--- AVAILABLE RECORDS Enclosed Below ---

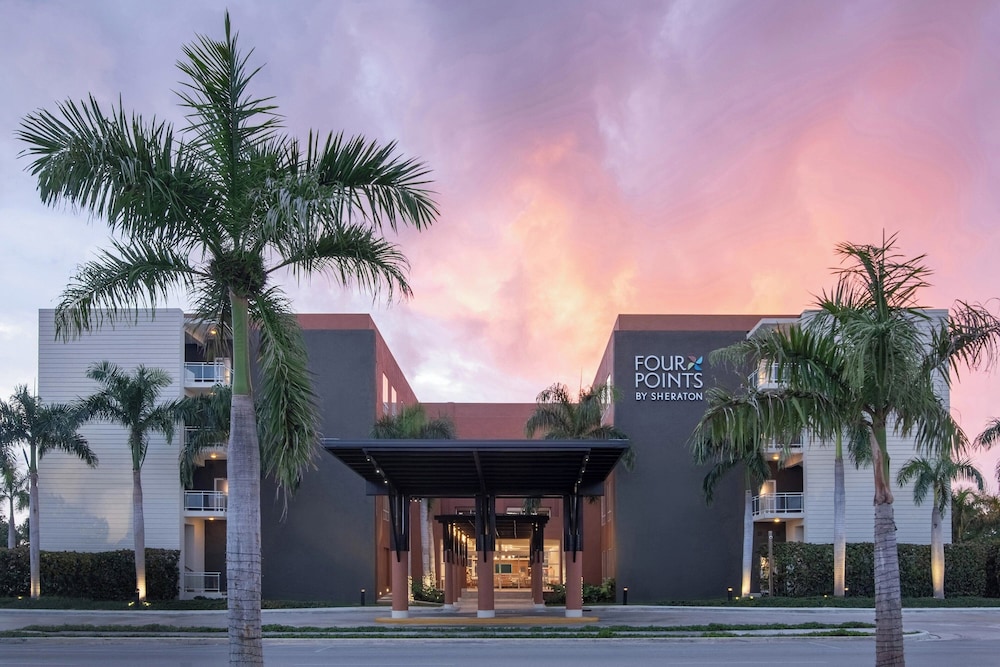 Venezia - Rep. Dominicana, Caraibi - Four Points by Sheraton Puntacana Village
Venezia - Rep. Dominicana, Caraibi - Four Points by Sheraton Puntacana Village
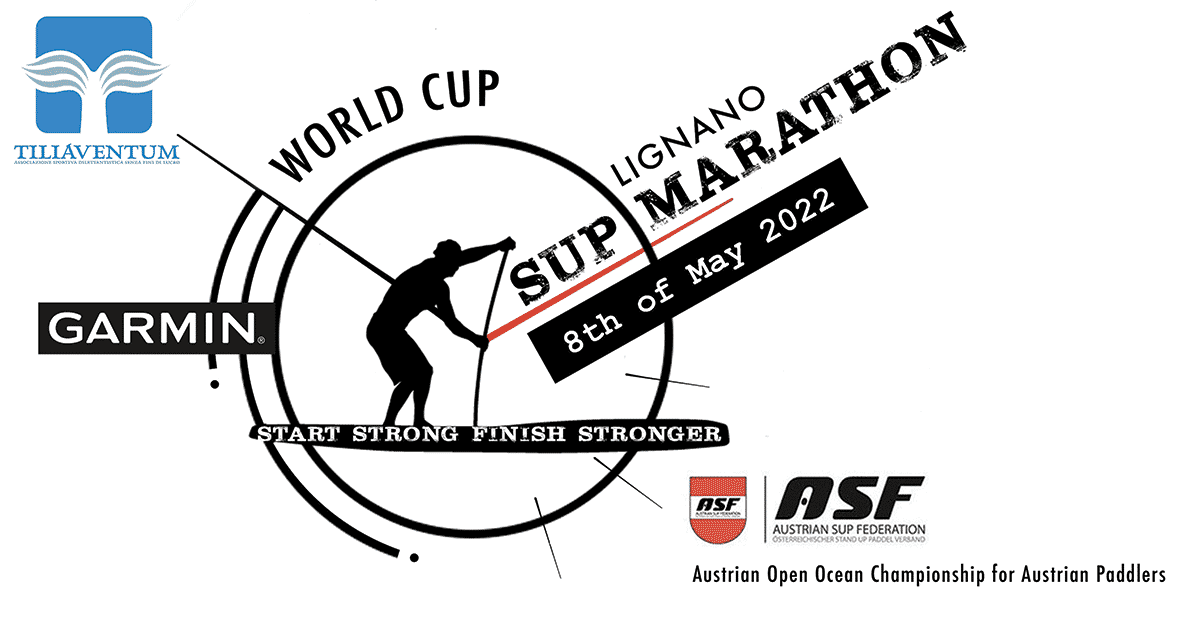 Sup Marathon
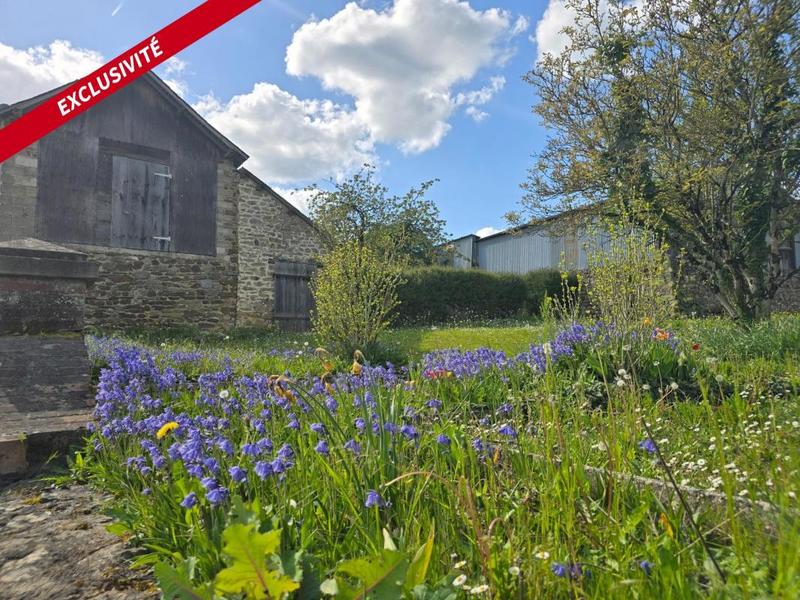 Maison - 145 m² - 6 pièces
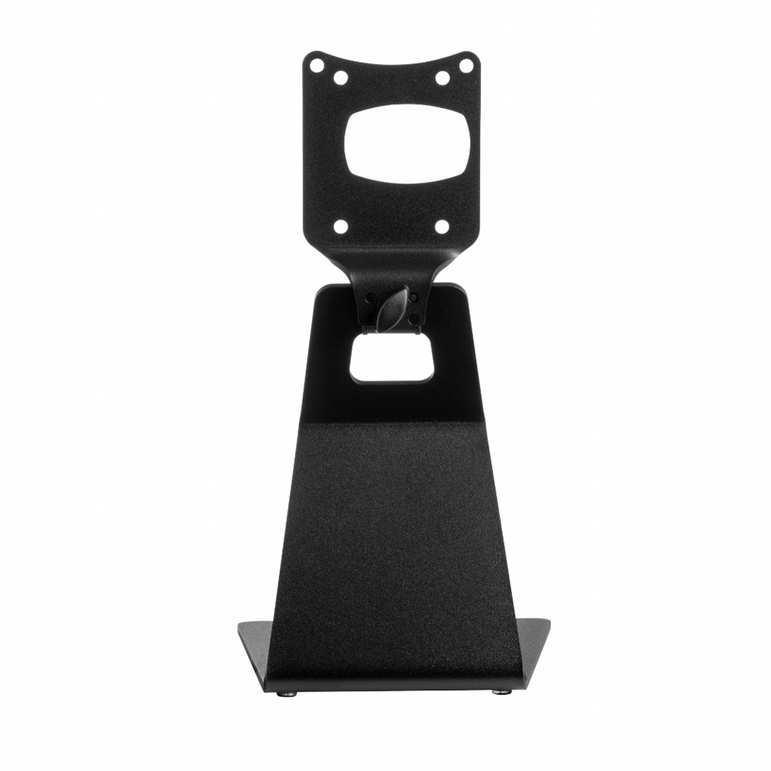 Genelec 8000-323B/W Pöytäjalusta, L-muoto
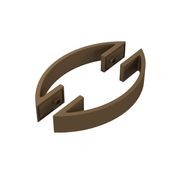 Urbane Portapivot Door Handles and Glass Pivot Options gallery detail image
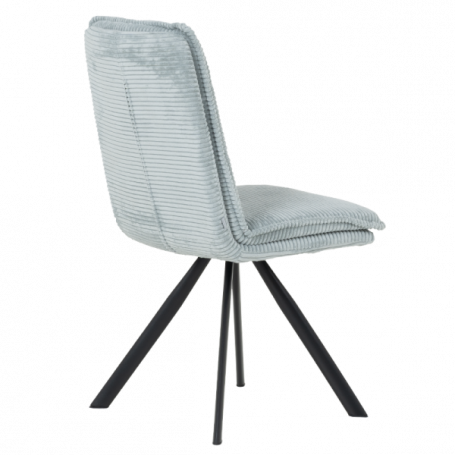 Трапезен стол ELY N -  ⋙ на цена от 189.60лв  - Allegro-bg.com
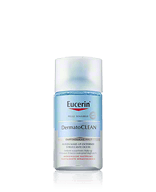 Eucerin DermatoClean (Hyaluron) Augen Make-Up-Entferner Make-up Entferner 125 ml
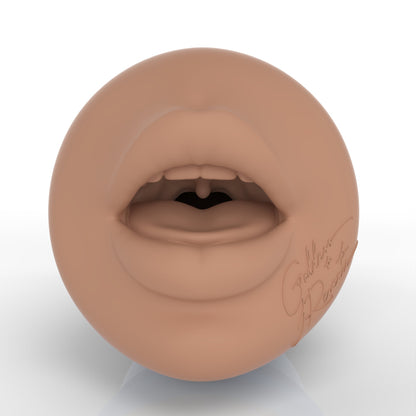 Goddess Reverie Fansly Fleshlight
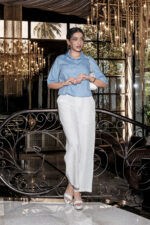 Ceyora Modera Boxy Shirt - Image 4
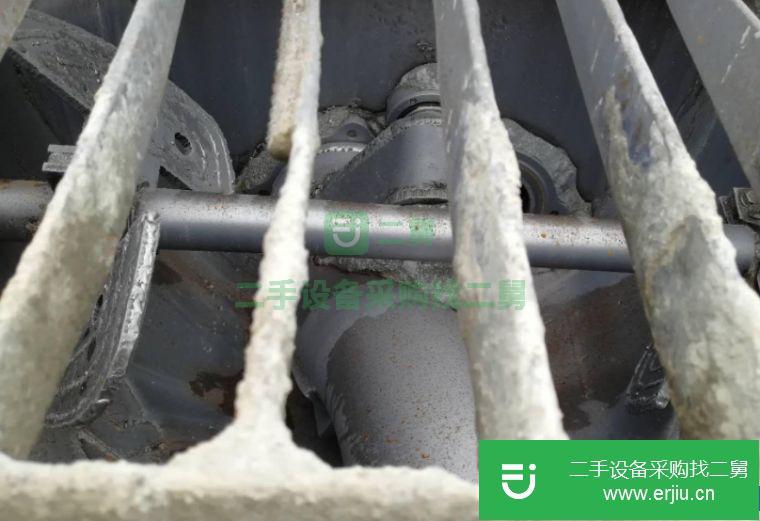 轉讓:柳州三一0918車載泵一臺現車出售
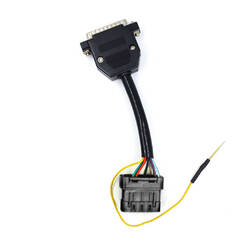 Autoshop XADV adn ( Forza 750 X-adv 750 CBR 1000RR ) كابل توصيل الدراجة النارية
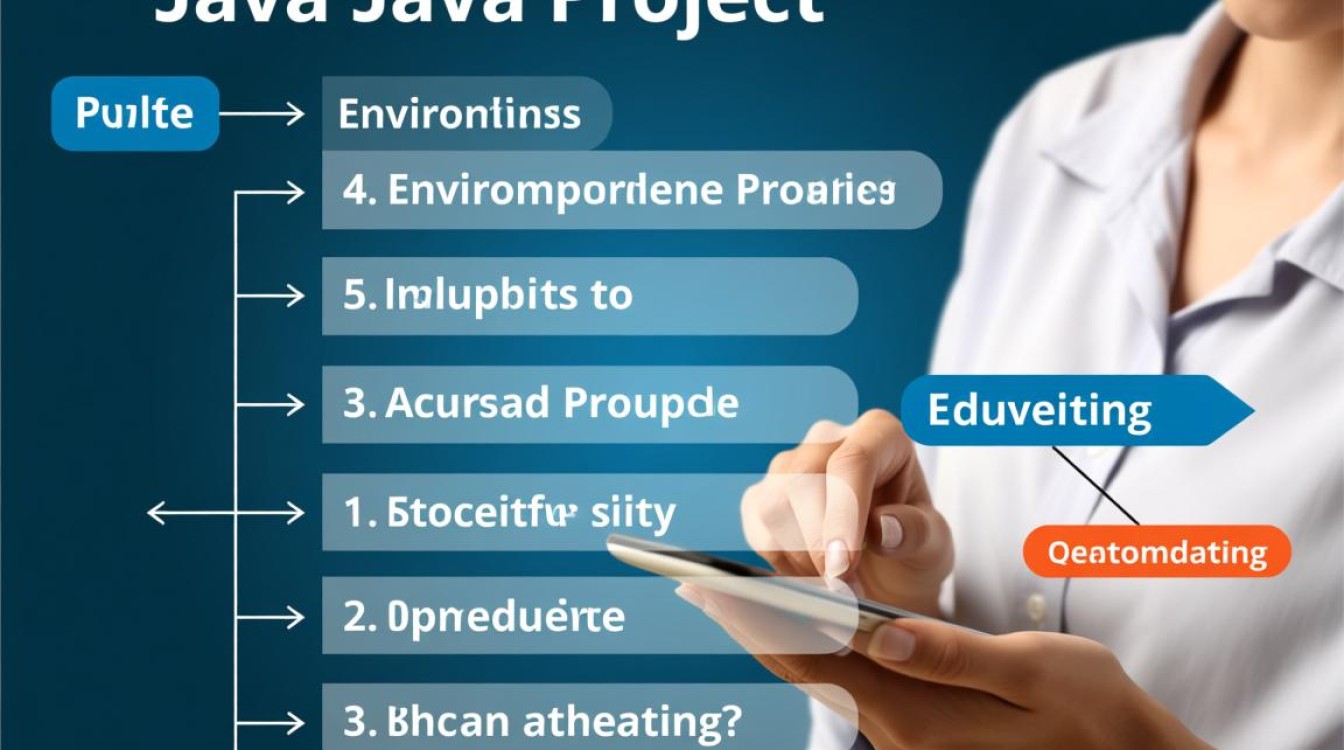 Windows系统下，新手如何运行一个带Maven依赖的Java项目？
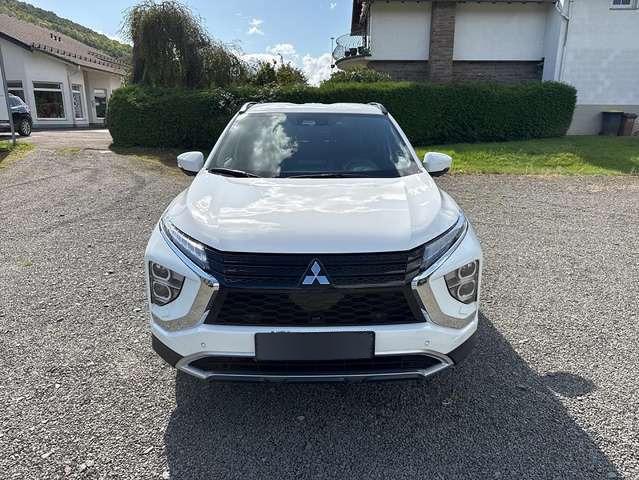 Mitsubishi Eclipse Cross Intro Edition Hybrid 4WD
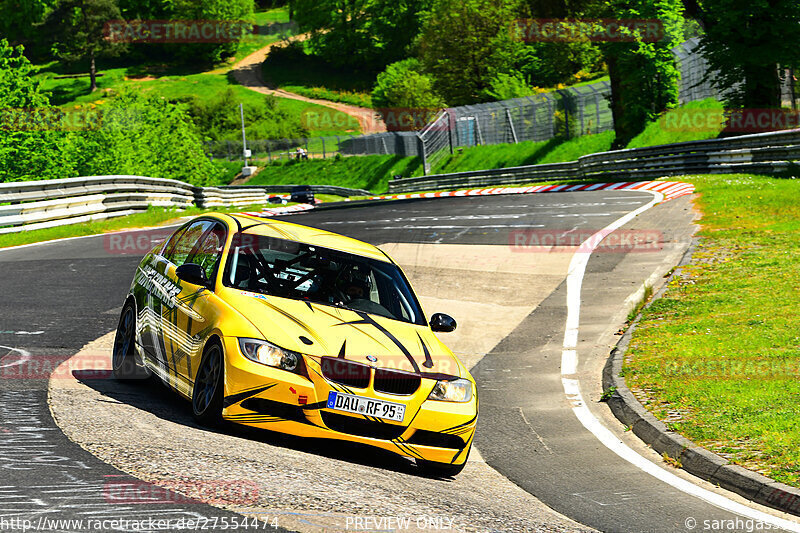 Bild #27554474 - Touristenfahrten Nürburgring Nordschleife (12.05.2024)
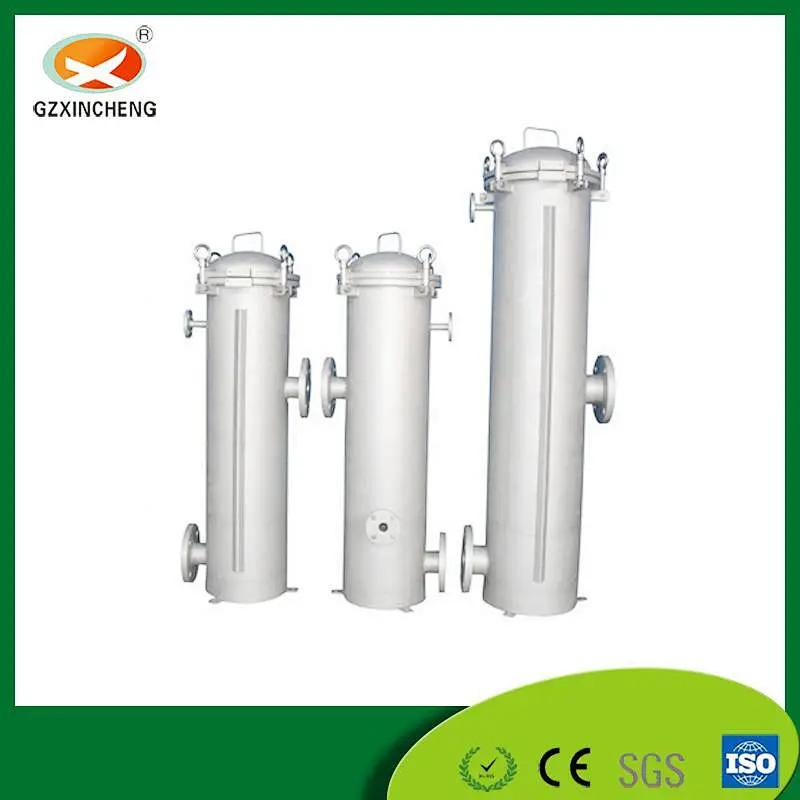 Cartridge filter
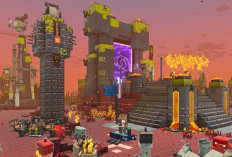 Link Download Minecraft Apk Java Edition Gratis, Langsung Unduh Sekarang Tanpa Root Tanpa Iklan 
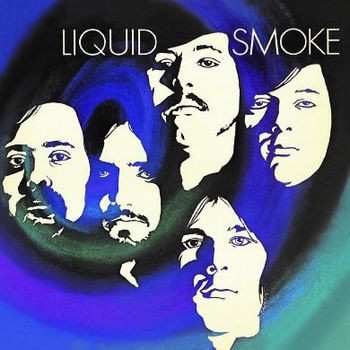 CD Liquid Smoke: Liquid Smoke DLX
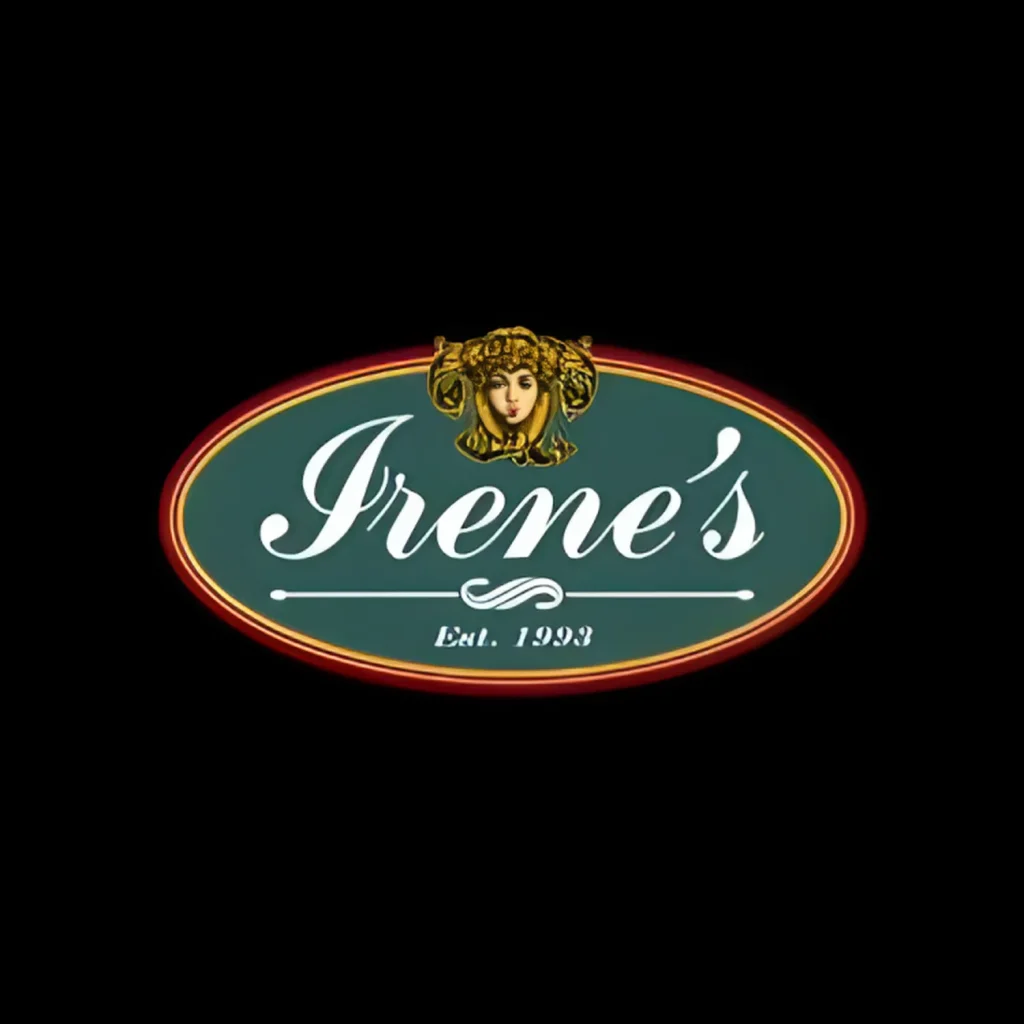 Irene's restaurant New Orleans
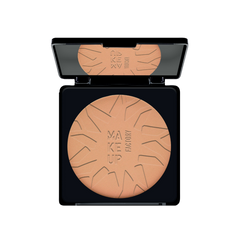 MF Mineral Mat Bronzer almond - no 03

--- End of Enclosed AVAILABLE RECORDS ---

ACTION ITEM:
Reproduce all of the entries exactly as they appear, though any picture they include must be omitted.

OUTPUT:
 Venezia - Rep. Dominicana, Caraibi - Four Points by Sheraton Puntacana Village
Venezia - Rep. Dominicana, Caraibi - Four Points by Sheraton Puntacana Village
 Sup Marathon
 Maison - 145 m² - 6 pièces
 Genelec 8000-323B/W Pöytäjalusta, L-muoto
 Urbane Portapivot Door Handles and Glass Pivot Options gallery detail image
 Трапезен стол ELY N -  ⋙ на цена от 189.60лв  - Allegro-bg.com
 Eucerin DermatoClean (Hyaluron) Augen Make-Up-Entferner Make-up Entferner 125 ml
 Goddess Reverie Fansly Fleshlight
 Ceyora Modera Boxy Shirt - Image 4
 轉讓:柳州三一0918車載泵一臺現車出售
 Autoshop XADV adn ( Forza 750 X-adv 750 CBR 1000RR ) كابل توصيل الدراجة النارية
 Windows系统下，新手如何运行一个带Maven依赖的Java项目？
 Mitsubishi Eclipse Cross Intro Edition Hybrid 4WD
 Bild #27554474 - Touristenfahrten Nürburgring Nordschleife (12.05.2024)
 Cartridge filter
 Link Download Minecraft Apk Java Edition Gratis, Langsung Unduh Sekarang Tanpa Root Tanpa Iklan 
 CD Liquid Smoke: Liquid Smoke DLX
 Irene's restaurant New Orleans
 MF Mineral Mat Bronzer almond - no 03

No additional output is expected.